[Start of Attachment]

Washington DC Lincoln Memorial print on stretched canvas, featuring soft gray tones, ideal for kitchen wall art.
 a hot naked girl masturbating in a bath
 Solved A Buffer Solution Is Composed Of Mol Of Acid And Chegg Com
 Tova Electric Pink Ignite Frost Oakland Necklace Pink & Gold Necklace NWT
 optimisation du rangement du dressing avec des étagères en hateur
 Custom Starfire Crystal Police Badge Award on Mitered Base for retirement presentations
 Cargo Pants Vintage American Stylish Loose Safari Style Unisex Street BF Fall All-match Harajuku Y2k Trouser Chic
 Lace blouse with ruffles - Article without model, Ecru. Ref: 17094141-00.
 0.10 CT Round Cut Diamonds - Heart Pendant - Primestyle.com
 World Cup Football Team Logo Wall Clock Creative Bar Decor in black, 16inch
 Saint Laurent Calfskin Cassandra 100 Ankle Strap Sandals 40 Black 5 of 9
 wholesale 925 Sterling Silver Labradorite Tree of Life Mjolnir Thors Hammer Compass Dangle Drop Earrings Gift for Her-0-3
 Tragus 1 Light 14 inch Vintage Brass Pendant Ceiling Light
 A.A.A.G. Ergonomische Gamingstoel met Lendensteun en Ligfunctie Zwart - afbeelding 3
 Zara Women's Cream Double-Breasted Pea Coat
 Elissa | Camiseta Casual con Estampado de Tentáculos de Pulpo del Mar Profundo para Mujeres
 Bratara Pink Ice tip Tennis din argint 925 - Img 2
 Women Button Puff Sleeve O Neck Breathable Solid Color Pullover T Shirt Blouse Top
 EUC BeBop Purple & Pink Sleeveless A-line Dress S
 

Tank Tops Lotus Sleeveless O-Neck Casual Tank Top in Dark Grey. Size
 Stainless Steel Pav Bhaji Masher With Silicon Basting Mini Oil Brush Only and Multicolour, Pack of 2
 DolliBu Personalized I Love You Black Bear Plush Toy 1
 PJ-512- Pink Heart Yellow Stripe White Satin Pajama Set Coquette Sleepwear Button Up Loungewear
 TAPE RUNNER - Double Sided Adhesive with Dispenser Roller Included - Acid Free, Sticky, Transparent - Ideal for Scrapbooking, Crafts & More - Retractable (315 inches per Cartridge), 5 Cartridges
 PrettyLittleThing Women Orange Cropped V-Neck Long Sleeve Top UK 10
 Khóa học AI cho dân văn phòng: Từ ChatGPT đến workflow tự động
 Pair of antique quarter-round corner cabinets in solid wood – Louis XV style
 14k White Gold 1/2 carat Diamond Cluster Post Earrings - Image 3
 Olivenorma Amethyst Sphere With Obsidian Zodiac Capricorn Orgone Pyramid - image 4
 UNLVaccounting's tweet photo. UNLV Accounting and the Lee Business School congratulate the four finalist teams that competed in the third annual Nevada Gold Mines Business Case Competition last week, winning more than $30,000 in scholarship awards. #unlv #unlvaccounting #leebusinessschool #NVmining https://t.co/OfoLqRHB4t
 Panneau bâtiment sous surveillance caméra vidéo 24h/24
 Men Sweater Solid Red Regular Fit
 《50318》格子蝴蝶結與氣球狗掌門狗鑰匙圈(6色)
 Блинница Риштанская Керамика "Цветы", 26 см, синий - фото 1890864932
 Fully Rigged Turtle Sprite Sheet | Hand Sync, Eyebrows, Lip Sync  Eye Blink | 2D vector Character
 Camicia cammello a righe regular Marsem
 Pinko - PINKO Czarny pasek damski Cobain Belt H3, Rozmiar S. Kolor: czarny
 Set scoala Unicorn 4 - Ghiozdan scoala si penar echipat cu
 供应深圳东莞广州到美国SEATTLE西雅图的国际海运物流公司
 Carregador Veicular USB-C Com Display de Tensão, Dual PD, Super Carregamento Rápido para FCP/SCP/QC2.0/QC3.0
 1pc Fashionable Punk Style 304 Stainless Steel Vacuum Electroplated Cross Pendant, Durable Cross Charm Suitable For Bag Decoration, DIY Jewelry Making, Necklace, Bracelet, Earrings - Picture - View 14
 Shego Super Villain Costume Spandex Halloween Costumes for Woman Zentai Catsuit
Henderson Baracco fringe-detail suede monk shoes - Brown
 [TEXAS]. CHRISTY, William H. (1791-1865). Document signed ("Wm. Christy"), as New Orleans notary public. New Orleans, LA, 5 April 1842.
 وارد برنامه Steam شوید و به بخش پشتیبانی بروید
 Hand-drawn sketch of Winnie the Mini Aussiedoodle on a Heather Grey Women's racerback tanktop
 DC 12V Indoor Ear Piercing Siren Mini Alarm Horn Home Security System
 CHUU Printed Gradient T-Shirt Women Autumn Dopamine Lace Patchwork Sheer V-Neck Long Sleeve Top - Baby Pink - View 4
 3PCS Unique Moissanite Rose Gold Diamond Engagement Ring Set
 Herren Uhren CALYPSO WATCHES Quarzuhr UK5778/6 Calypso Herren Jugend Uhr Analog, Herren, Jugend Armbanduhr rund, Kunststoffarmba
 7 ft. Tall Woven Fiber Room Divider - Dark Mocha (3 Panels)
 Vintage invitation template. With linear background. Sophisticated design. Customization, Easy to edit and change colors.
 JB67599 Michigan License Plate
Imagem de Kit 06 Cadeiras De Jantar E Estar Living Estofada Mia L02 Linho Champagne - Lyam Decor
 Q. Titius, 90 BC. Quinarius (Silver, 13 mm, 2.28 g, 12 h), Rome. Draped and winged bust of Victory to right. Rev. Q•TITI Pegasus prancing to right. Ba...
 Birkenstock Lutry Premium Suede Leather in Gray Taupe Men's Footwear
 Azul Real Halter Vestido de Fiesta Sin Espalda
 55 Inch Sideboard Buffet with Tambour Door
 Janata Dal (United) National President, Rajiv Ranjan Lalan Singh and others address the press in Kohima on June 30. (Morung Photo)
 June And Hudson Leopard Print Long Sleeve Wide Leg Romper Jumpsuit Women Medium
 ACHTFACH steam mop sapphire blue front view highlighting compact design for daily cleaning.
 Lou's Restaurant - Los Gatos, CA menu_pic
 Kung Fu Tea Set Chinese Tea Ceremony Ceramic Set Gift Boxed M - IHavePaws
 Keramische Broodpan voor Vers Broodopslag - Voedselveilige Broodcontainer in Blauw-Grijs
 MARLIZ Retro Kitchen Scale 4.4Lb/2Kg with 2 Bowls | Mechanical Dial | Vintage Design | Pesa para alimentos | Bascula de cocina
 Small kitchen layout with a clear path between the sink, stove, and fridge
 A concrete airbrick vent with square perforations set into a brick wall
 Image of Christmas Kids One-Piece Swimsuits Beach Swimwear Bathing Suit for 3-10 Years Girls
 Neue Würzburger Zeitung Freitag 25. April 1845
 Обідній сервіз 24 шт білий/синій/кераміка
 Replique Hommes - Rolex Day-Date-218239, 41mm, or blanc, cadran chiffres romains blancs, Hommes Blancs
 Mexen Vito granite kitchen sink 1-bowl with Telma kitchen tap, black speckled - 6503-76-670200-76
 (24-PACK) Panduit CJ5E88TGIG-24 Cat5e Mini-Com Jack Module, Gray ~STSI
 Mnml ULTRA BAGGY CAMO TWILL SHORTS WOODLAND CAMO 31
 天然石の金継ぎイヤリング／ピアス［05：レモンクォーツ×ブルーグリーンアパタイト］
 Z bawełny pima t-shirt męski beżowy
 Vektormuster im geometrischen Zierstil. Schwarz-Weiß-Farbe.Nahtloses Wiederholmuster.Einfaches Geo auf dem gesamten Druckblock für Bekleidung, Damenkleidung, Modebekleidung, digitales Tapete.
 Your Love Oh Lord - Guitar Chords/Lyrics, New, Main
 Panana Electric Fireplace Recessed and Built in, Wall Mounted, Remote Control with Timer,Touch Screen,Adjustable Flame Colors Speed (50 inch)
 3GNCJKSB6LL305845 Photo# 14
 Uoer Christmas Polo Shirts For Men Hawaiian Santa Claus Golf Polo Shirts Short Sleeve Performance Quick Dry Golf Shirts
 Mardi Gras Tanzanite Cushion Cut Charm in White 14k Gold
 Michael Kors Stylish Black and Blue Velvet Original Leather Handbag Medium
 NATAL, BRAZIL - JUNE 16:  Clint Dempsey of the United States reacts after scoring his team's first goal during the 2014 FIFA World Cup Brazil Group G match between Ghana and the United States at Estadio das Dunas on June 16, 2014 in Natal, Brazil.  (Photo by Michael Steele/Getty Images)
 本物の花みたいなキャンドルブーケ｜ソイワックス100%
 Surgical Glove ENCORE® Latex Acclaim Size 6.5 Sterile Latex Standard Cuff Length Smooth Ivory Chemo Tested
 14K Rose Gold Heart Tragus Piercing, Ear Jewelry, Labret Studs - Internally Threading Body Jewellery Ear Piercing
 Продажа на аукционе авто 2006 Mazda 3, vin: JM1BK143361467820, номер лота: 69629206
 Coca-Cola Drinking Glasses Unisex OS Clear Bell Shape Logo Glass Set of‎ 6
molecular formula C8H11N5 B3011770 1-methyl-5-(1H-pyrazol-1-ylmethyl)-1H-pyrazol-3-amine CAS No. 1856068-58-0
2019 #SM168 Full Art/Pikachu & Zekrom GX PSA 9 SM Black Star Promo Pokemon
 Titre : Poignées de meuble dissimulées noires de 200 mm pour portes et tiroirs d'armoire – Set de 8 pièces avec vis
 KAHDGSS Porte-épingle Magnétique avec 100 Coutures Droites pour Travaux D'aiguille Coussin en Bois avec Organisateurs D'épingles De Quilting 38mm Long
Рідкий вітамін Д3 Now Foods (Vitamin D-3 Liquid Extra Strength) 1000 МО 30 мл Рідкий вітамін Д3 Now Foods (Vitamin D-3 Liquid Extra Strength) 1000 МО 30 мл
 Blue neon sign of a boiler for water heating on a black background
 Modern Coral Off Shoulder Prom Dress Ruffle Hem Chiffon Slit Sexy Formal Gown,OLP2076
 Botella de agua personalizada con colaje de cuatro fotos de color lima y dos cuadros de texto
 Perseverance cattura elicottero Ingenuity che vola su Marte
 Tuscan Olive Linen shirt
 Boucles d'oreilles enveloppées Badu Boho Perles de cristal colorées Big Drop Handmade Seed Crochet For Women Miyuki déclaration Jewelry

[End of Attachment]

### [Task statement]
Only the count belongs in your answer, so please work out how many lines of the data contain "sink".

### [Written solution]
2